[Instructions for the task] Each line of the entries that mentions the string "High" needs to be reported.

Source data
Segment Open

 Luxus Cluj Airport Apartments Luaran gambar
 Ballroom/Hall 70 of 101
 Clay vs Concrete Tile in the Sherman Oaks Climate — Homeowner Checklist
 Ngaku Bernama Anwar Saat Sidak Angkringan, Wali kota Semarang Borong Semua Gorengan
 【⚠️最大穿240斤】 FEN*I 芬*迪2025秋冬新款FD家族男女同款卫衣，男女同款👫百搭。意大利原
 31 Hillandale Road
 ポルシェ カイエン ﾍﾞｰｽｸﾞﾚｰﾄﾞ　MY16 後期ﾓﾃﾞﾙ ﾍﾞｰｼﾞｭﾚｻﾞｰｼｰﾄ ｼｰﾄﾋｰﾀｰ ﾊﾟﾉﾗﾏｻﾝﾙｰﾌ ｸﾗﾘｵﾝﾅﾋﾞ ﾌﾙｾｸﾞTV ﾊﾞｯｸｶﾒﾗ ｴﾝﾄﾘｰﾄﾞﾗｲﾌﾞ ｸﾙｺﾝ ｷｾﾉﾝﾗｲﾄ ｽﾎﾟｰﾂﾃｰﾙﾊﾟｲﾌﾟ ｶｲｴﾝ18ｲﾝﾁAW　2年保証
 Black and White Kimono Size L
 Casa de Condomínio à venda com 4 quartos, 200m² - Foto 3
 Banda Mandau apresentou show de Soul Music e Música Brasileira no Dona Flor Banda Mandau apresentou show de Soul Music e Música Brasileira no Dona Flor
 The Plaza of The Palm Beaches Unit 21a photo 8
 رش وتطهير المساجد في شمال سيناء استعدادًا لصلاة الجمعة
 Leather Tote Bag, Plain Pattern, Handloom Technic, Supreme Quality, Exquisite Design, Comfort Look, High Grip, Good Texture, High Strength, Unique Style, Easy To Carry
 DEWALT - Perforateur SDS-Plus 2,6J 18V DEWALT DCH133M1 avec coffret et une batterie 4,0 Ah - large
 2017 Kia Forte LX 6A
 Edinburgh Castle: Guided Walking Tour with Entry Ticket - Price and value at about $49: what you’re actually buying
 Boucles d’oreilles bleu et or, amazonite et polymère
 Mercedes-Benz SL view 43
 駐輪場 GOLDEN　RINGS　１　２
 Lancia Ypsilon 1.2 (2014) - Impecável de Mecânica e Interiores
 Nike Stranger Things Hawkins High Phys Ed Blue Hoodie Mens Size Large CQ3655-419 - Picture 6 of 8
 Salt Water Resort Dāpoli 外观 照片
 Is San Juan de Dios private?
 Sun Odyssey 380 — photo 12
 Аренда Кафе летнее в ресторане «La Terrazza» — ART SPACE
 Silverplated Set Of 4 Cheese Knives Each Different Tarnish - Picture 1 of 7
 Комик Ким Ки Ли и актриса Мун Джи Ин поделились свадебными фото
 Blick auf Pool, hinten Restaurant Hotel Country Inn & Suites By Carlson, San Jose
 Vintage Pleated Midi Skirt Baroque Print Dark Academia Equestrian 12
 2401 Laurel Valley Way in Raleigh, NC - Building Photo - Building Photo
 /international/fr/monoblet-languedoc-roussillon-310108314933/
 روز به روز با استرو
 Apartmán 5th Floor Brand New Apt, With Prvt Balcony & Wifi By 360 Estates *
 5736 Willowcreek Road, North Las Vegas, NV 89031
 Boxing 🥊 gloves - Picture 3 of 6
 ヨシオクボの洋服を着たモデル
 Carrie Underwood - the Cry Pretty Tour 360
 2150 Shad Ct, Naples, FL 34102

Segment Closed

[Exercise output]
 Leather Tote Bag, Plain Pattern, Handloom Technic, Supreme Quality, Exquisite Design, Comfort Look, High Grip, Good Texture, High Strength, Unique Style, Easy To Carry
 Nike Stranger Things Hawkins High Phys Ed Blue Hoodie Mens Size Large CQ3655-419 - Picture 6 of 8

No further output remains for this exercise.